The department of mineral resources is investigating complaints that some workers are being victimised for refusing to enter what they feel are unsafe areas, chief mines inspector David Msiza said on August 17.
Some deaths could have been prevented, he said.
Some analysts are also concerned. More than 20 deaths at Sibanye this year undermines its investment case, Citigroup analysts Johann Steyn and Shashi Shekhar said in July.
Citi said it was concerned that Sibanye had reduced management oversight and mined high-grade pillars that were previously considered "too dangerous" to exploit.
Sibanye has undertaken a rapid-fire series of acquisitions that transformed the company into a diversified precious-metals miner with both Southern African and US assets.

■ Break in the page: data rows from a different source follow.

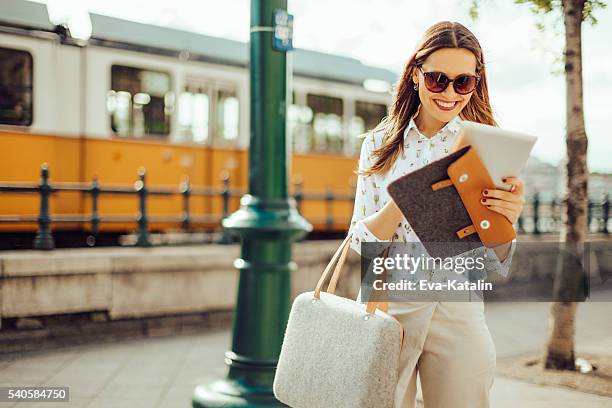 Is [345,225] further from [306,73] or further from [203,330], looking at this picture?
[203,330]

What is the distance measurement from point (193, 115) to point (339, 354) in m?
10.2

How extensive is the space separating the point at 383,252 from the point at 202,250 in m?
6.18

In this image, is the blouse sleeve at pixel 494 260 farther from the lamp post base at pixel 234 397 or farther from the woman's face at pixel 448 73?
the lamp post base at pixel 234 397

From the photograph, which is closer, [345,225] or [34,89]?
[34,89]

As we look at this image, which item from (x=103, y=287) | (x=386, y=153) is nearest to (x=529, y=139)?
(x=386, y=153)

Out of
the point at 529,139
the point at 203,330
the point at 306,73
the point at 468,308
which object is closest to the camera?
the point at 529,139

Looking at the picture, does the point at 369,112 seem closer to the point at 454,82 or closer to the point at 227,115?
the point at 227,115

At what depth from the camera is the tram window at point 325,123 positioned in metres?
13.5

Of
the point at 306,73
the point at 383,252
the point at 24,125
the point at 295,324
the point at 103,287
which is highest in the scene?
the point at 306,73

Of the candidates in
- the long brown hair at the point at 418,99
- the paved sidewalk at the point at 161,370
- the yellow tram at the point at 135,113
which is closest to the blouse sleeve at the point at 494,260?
the long brown hair at the point at 418,99

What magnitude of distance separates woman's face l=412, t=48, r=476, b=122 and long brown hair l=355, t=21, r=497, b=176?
0.02 metres

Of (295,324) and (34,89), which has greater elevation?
(34,89)

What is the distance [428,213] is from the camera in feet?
6.90

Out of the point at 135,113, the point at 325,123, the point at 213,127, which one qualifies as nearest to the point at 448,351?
the point at 135,113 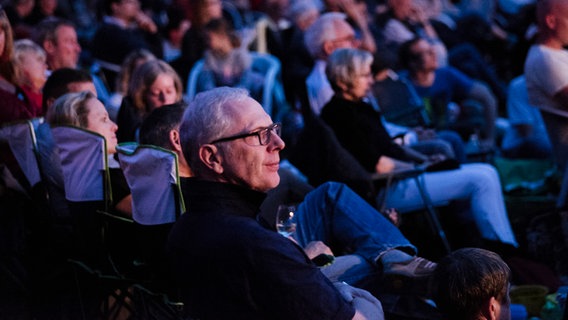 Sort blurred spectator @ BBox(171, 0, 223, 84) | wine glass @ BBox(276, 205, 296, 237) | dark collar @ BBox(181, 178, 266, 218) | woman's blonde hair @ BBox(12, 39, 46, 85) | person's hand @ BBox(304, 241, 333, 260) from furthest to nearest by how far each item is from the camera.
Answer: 1. blurred spectator @ BBox(171, 0, 223, 84)
2. woman's blonde hair @ BBox(12, 39, 46, 85)
3. wine glass @ BBox(276, 205, 296, 237)
4. person's hand @ BBox(304, 241, 333, 260)
5. dark collar @ BBox(181, 178, 266, 218)

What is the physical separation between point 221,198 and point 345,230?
144 cm

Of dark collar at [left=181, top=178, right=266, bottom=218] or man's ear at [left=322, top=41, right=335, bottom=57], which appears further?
man's ear at [left=322, top=41, right=335, bottom=57]

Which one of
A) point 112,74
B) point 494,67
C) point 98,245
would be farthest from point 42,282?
point 494,67

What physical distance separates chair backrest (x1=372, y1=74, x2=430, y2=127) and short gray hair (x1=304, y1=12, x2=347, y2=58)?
0.69m

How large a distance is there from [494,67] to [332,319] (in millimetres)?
10770

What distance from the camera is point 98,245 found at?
4586 millimetres

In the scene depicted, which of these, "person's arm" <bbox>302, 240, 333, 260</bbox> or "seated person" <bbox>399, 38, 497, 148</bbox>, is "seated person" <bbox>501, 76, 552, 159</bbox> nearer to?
"seated person" <bbox>399, 38, 497, 148</bbox>

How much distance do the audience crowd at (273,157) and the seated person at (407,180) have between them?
0.05ft

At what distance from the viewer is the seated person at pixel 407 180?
577cm

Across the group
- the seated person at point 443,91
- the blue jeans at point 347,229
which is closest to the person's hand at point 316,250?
the blue jeans at point 347,229

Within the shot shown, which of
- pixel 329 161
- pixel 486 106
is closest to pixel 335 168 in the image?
pixel 329 161

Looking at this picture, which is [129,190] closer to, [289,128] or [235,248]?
[235,248]

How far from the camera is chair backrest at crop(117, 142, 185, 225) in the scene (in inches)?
158

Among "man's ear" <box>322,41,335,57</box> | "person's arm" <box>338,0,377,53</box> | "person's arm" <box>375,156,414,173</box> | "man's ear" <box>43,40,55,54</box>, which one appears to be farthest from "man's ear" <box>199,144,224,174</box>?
"person's arm" <box>338,0,377,53</box>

Now it’s seeking to acquire platinum producer Lonmin.
Steyn declined to comment further when called by Bloomberg News. Sibanye CEO Neal Froneman said Citi’s information was inaccurate and the company was committed to workers’ safety. Company spokesman James Wellsted said the analysts’ conclusions were not backed by data.

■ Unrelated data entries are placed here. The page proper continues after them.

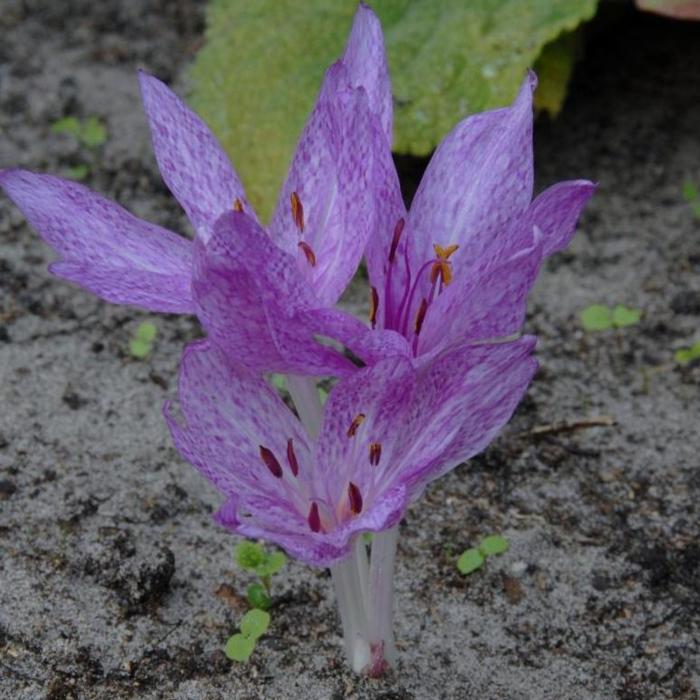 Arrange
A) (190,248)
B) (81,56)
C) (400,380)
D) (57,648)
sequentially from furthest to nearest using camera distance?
(81,56), (57,648), (190,248), (400,380)

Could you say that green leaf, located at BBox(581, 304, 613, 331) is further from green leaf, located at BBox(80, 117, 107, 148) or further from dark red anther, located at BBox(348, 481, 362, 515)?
green leaf, located at BBox(80, 117, 107, 148)

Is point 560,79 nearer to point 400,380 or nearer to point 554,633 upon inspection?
point 554,633

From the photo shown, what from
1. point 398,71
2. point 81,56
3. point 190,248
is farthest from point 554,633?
point 81,56

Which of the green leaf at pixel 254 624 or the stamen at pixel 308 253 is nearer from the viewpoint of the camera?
the stamen at pixel 308 253

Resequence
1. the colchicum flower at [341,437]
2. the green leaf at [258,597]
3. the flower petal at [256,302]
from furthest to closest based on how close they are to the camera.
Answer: the green leaf at [258,597] < the colchicum flower at [341,437] < the flower petal at [256,302]

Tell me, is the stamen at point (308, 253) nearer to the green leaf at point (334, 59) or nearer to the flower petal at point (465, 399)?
the flower petal at point (465, 399)

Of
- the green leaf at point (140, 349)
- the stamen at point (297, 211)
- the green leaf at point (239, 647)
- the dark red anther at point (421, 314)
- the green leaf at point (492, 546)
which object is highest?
the stamen at point (297, 211)

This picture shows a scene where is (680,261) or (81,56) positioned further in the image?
(81,56)

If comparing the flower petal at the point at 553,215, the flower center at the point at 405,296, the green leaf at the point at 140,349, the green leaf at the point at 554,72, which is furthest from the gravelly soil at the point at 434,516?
the flower petal at the point at 553,215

Msiza declined to comment further on the government’s investigation into Sibanye.
Gold Fields has reported no fatalities this year, but its struggle to turn around is unprofitable South Deep mine’s deposits mirror some of the challenges facing SA.
The company’s plan to stem monthly losses of R100m involves more than 1,500 jobs cuts. This plan has drawn a hostile reaction from a government facing a 27% unemployment rate.
SA has the world’s largest gold reserves after Australia, but declining profitability may deter the investment required for more mechanised operations.
"There is still a large resource there, but for our industry to survive there ought to be a steep change in technology we use, to bring costs down," said Raymond Durrheim, a professor of geo-sciences at the University of Witwatersrand. "Mining could still go on for the next decades, but as margins get squeezed, there is less appetite for that kind of investment."
Gold output slumped for a ninth consecutive month in June as producers struggle with a volatile currency and government regulations that seek to redistribute the nation’s mineral wealth.
Even if miners can restore profitability, the technology to mechanise SA’s gold mines does not currently exist, according to Durrheim.
"With current mining methods, seismicity will continue to be with us," said Durrheim.